Hi :
I met some strange problem when i try to use Nutch-1.3 . i list what I did
bellow , hope there is someone can help me :
1. Operations
A.I tried to use Nutch-1.3 to crawl a web site which is protected by "Basic
HTTP authorize" , but found that the nutch did not crawled anything after it
finish running .After check the hudoop.log , I got some information bellow :
2011-09-07 04:11:37,539 WARN crawl.Generator - Generator: 0 records selected
for fetching, exiting ...
2011-09-07 04:11:37,541 INFO crawl.Crawl - Stopping at depth=1 - no more URLs
to fetch.
I tried to find answer by Google, but got no useful information.
B.So , I change the URL to a public site (such as www.yahoo.com) and run the
nutch crawl again , this time the nutch worked well - all page were crawled and
indexed into solr
2. Configurations - the only difference of configuration files for the 2
operations is :
for operationA the plugin.includes's value is
:protocol-httpclient|urlfilter-regex|parse-(html|tika|text)|index-(basic|anchor)|scoring-opic|urlnormalizer-(pass|regex|basic)

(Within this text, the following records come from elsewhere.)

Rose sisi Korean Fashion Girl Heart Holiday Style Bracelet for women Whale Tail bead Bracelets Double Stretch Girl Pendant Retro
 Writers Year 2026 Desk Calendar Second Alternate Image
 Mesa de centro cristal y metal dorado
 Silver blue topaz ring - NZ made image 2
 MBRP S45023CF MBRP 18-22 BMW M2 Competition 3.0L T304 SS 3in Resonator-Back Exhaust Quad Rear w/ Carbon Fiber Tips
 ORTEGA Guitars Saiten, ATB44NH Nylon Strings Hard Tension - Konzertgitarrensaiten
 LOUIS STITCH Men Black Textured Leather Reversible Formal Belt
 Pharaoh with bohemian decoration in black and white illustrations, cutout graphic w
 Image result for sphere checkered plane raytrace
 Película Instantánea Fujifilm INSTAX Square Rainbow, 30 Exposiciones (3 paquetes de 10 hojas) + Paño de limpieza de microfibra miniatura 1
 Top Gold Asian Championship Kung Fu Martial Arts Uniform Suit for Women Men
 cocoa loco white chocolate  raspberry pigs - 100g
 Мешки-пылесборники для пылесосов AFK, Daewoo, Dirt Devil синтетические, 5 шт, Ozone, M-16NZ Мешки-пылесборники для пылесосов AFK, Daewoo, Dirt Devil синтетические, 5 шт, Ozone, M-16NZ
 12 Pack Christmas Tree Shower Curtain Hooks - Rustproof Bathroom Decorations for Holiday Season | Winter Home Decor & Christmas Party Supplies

for operationB the plugin.includes's value is
:protocol-http|urlfilter-regex|parse-(html|tika|text)|index-(basic|anchor)|scoring-opic|urlnormalizer-(pass|regex|basic)A.
nutch-site.xml
<property>
<name>plugin.includes</name>
<value>protocol-httpclient|urlfilter-regex|parse-(html|tika|text)|index-(basic|anchor)|scoring-opic|urlnormalizer-(pass|regex|basic)</value>
<description></description>
</property>
B. httpclient-auth.xml
<auth-configuration>
<credentials username="user" password="password">
<default/>
</credentials>
</auth-configuration>
C. regex-urlfilter.txt
-^(file|ftp|mailto):
-\.(gif|GIF|jpg|JPG|png|PNG|ico|ICO|css|sit|eps|wmf|zip|ppt|mpg|xls|gz|rpm|tgz|mov|MOV|exe|jpeg|JPEG|bmp|BMP)$
-[?*!@=]
+.
That's all configurations and operations i used, but for the site protected by
"Basic HTTP authorize" i always got the error message .
Could someone help me on this ?
Thanks a lot ~
//BR